Having struggled with my own issues in the past (not been crazy in almost a year now, yay), I've done my soul searching and I have myself all worked out. I know why I was the way I was and because of that, I know that I had to go through the depression and all the other shit that used to go on in my head in order for me to be so strong and understanding now. Now, if I meet anybody who has the same or similar problems that I used to have I'm more understanding. My past has not only made me more rational about things but it's also allowed me to look more objectively at situations. I used to be self-centred but now I'm so selfless it's untrue. I love nothing more than helping my friends out when they're in trouble, and if there's ever a time when an argument I'm having with somebody impacts on my friends night in any way I am mortified because I simply am not that dramatic person that I used to be anymore.
I've changed and grown so much in the past year or two, having gone emotionally up and down more so than anybody ever should have to, but I really am grateful for it because having changed so much, it's enabled me to understand people's points of views more easily. From my old, egocentric point of view, I could only understand my own, but now, if I meet somebody who is similar to how I used to be I can think to myself 'How would I have interpreted this a year ago?' and better understand how to deal with the person and their situation.
It's brought my mother and I closer together, as we've had endless nights analysing ourselves over bottles of wine, but it's helped us, not only with being more open with each other but we've also discovered how differently we react to thinks and because of that found the best ways to avoid conflicts or misunderstandings.
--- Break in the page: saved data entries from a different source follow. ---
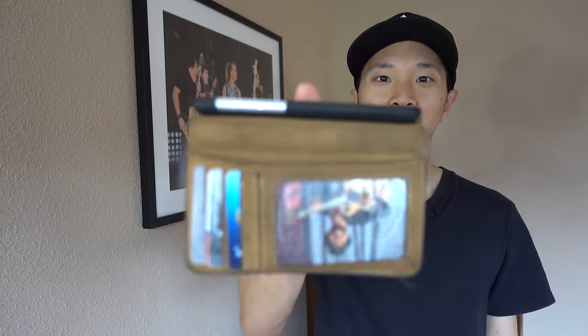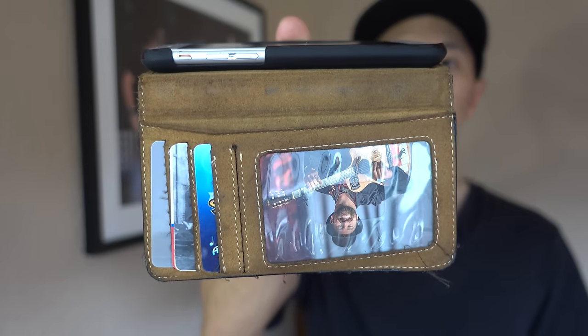The BookBook case works just fine with Apple Pay — there's no interference with signals. But my favorite feature is when somebody asks to see my ID. I can just flip it out just like that, kind of like a sheriff, and show them my ID.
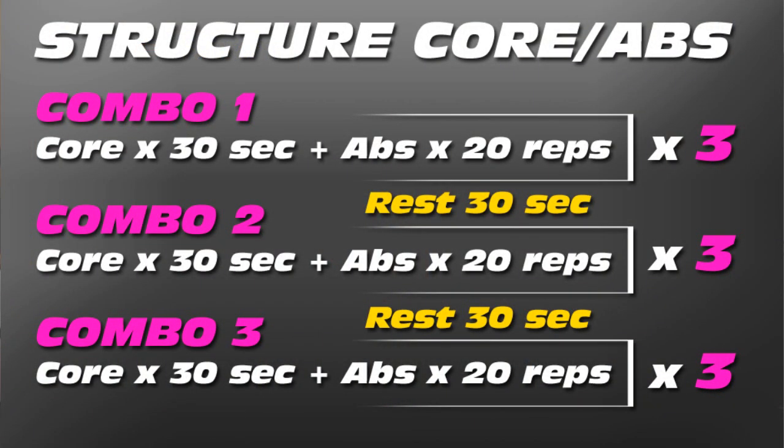Then you're going to move on to your abs section, which has three segments with two exercises in each segment. The first exercise is 30 seconds, the second one is 20 reps. Then you get a 30 second rest, and you're going to do each segment three times before moving on to the next one. Enjoy — I hope you have a great workout.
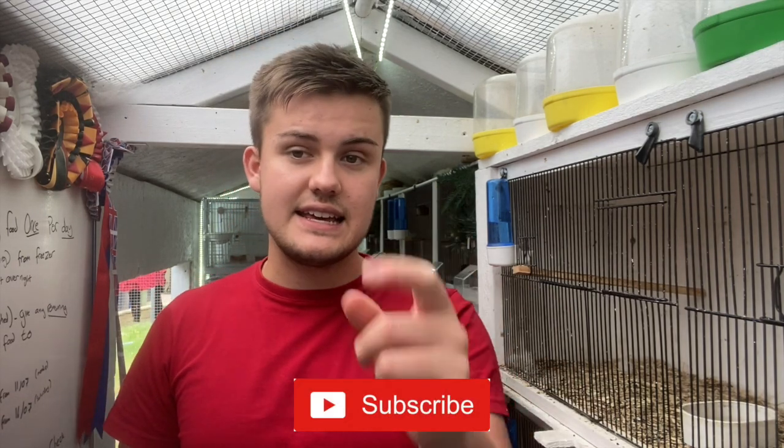I'd like to say a huge thank you to Joe for coming on and sharing his knowledge and experience, and thank you to Avian World Dublin for sponsoring the Natives in Norwich. Please subscribe down below before this episode — let's hit 10,000 subscribers before the end of the year.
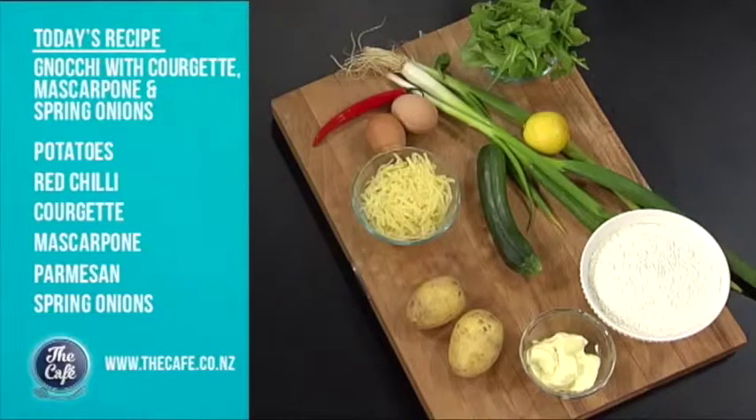Mark is in the kitchen today making gnocchi. You can go to the supermarket and buy it, but this is a really fast recipe and it's great fun to make your own gnocchi — and it's easy as well.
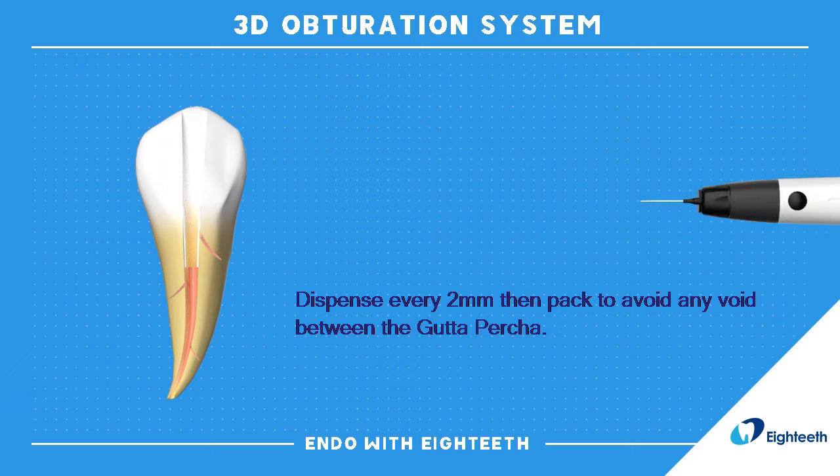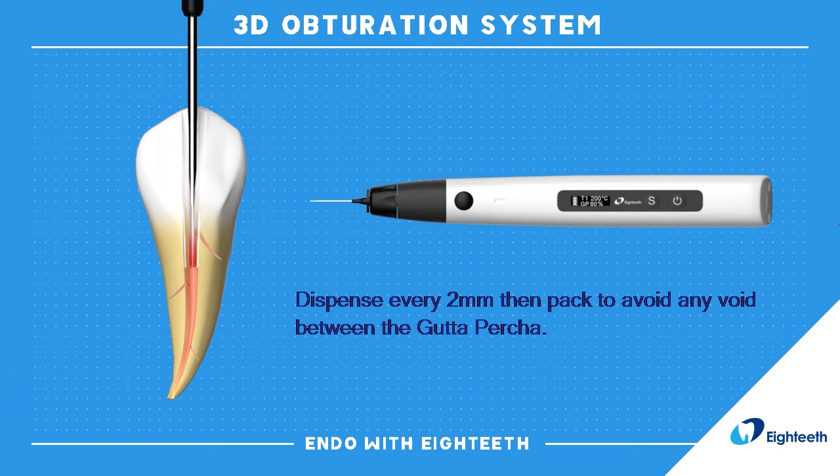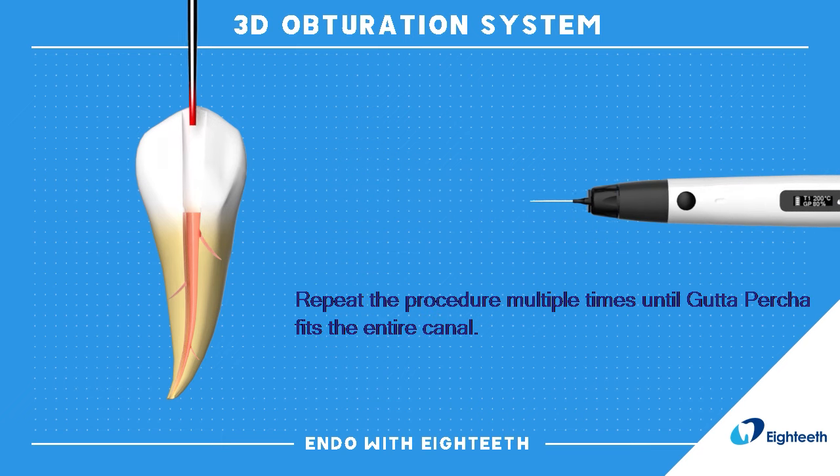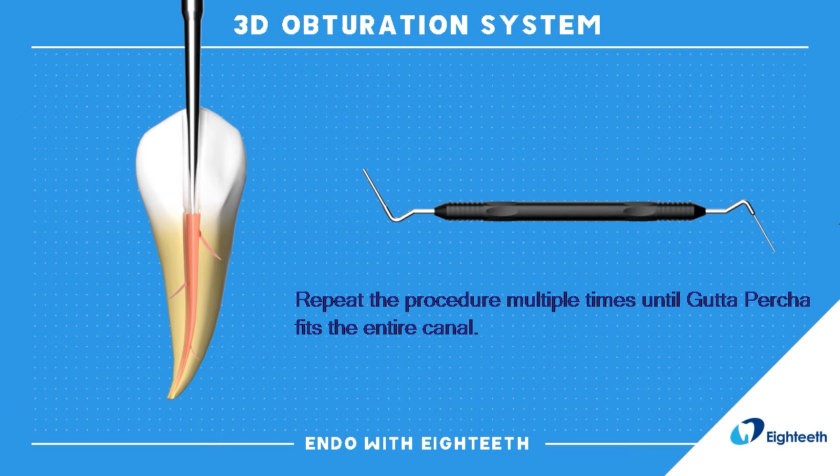Dispense every 2 mm then pack to avoid any void between the gutta percha. Repeat the procedure multiple times until gutta percha fills the entire canal.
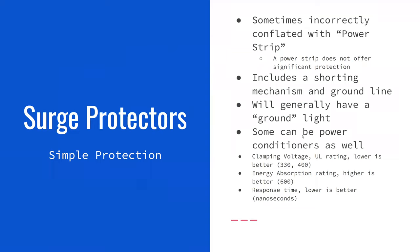The first thing you can do to protect your electronics is a surge protector. Surge protectors are a different category than a power strip. A power strip just takes the power from your wall and spreads it out over multiple inputs. A surge protector will actually protect the devices plugged into it by including a shortening mechanism and ground line, and it will shut off power if electricity exceeds a certain amount. If you give an electronic device too much power, it can overload and fail.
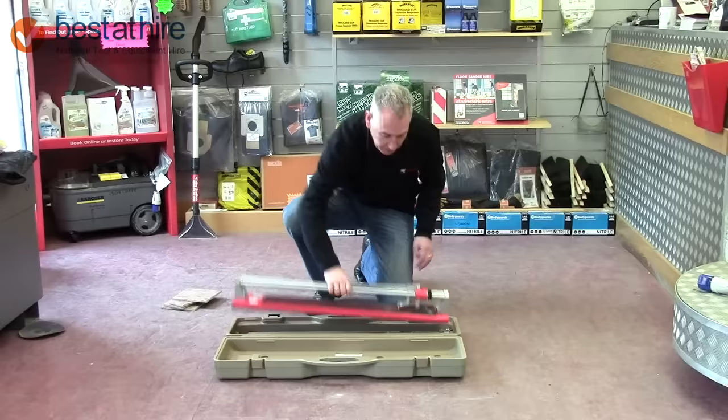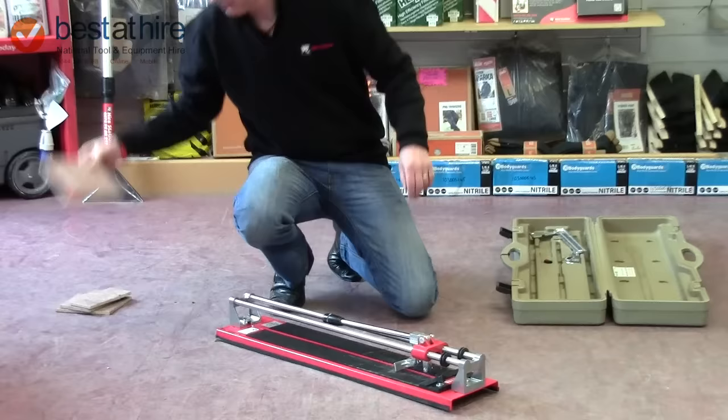My name is Carl and I'm just going to run through our manual tile. Quite simple to use, obviously a standard type of tile.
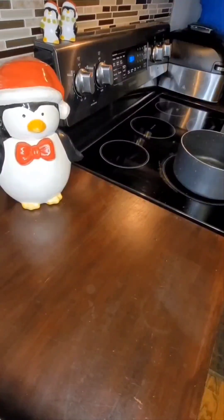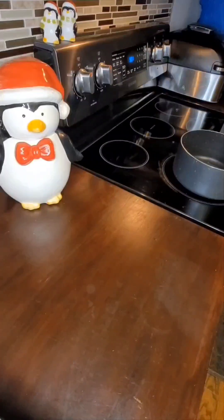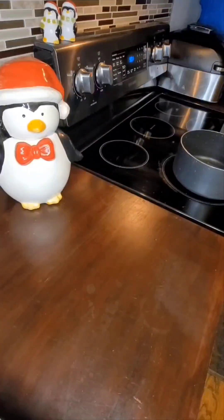Hi, YouTube friends! Hola, mis amigos de YouTube. This is Penguina here with another cover video. Today I'm going to tell you a quick story on how Mr. Penguina and I went about deciding on having our three kids, while I bring you this delicious atole de elote — a corn atole, a warm soothing drink from El Salvador made with corn and a little bit of milk.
Analysing yourself is never a bad thing. I would hate to be somebody that simply doesn't understand why they react to things differently to other people, someone who is simply a textbook case, a victim of their own emotions. Again, Oscar Wilde had an opinion on this too, saying 'I don't want to be at the mercy of my emotions. I want to use them, to enjoy them, and to dominate them.'
I still have days where I feel anxious for no reason at all, of course I do. I have days when the smallest thing stresses me out, like not knowing when I have a hair appointment or something, and even after I sort out whatever it is that's bothering me, my mind is still in overdrive, worrying about things that half an hour ago did not bother me in the slightest.
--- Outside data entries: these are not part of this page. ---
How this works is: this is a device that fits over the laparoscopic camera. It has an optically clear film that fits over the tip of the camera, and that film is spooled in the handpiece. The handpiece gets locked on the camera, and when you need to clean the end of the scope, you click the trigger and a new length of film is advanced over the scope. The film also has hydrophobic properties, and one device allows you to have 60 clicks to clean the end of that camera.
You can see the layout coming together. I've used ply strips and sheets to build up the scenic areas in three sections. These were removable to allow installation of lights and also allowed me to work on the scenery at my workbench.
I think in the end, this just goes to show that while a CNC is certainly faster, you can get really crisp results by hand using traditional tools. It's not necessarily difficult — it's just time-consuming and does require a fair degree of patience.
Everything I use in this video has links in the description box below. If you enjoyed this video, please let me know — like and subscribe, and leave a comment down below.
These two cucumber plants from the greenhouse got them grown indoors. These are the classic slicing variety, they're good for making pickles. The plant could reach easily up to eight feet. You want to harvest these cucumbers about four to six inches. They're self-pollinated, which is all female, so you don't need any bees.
A year or two ago I would have let this keep me up at night, convincing myself that these problems were real and needed to be fixed, whereas now I can recognise that it's merely my head deciding to worry about trivial things and I can almost ignore it. I'll write a list of the things that are on my mind, go through them one by one and conclude that there really is nothing to worry about, and then I know logically that it's just my neurotransmitters going a bit crazy and that sooner or later I'll feel fine again. I wouldn't be able to do that had I not spent years looking at myself and figuring myself out.
I really do recommend a bit of self-analysis to everybody. God was the reason for my recovery from anxiety and depression but it's thanks to self-analysis that I've not gone back to it.